Beyond Retrieval: The paper demonstrates that associative creativity is not just a retrieval task but a structured search problem requiring divergent thinking (exploring many paths) and convergent thinking (pruning to find strong links).
Limitations of Current AI: The results suggest that current scaling laws (more tokens = better reasoning) have diminishing returns for creative tasks. The "search space" of human knowledge is too vast for current models to navigate efficiently without specific architectural or training innovations.

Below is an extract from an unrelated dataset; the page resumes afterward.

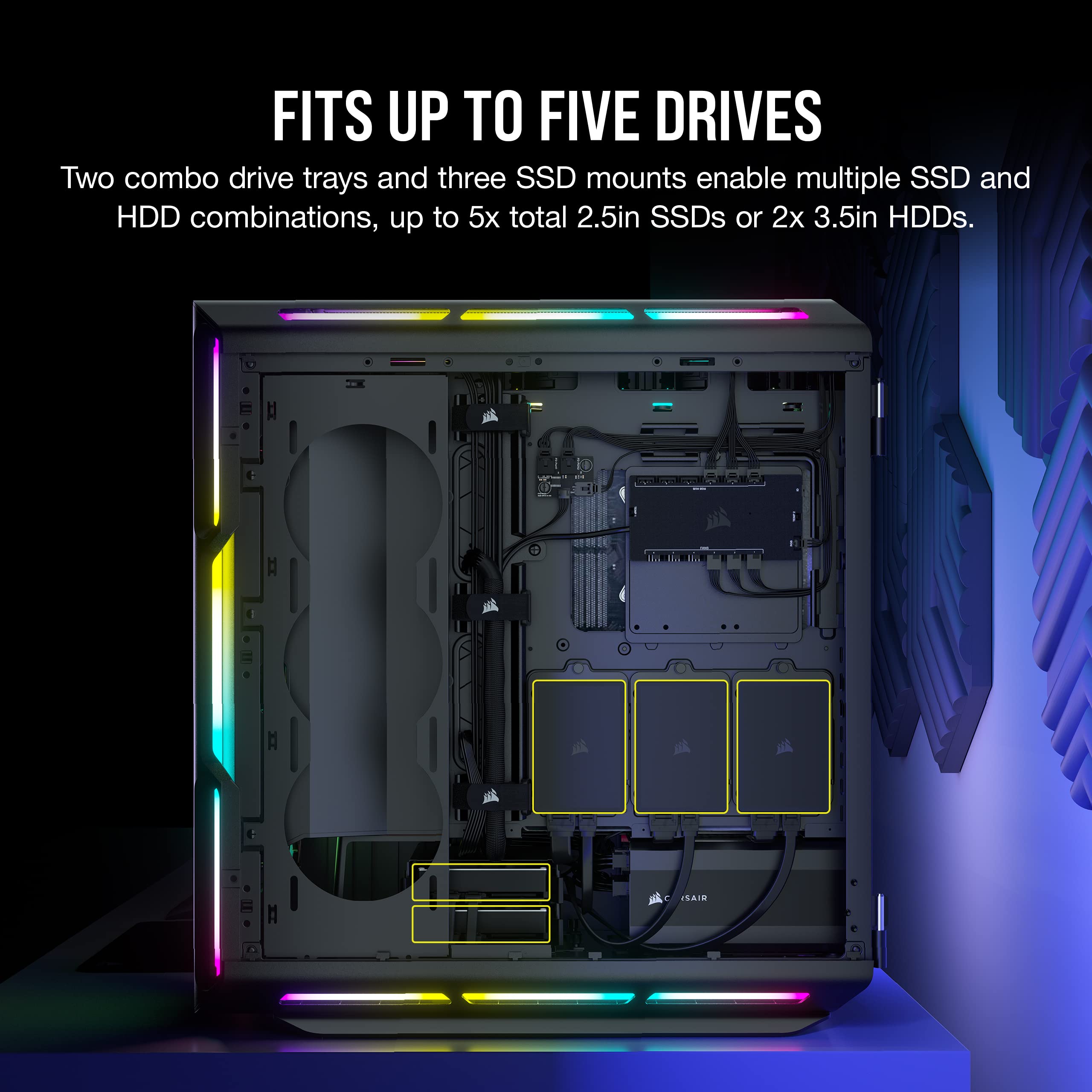 CORSAIR iCUE 5000T RGB Mid-Tower ATX PC Case-208 Individually Addressable RGB LEDs-Fits Multiple 360mm Radiators-Easy Cable Management-3 Included CORSAIR LL120 RGB Fans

Future Directions: The benchmark provides a "sandbox" for developing new methods to improve LLMs' capacity for associative creativity, which is essential for applications in scientific discovery, hypothesis generation, and automated research.
Responsible AI: The authors emphasize that while these tools can augment human creativity, fully automating creative processes carries risks regarding job displacement and the homogenization of creative output.

In summary, CREATE establishes a rigorous, objective standard for measuring LLM creativity, revealing that while frontier models are capable, they still lack the ability to consistently generate truly novel and distinct associations without significant human guidance or architectural shifts.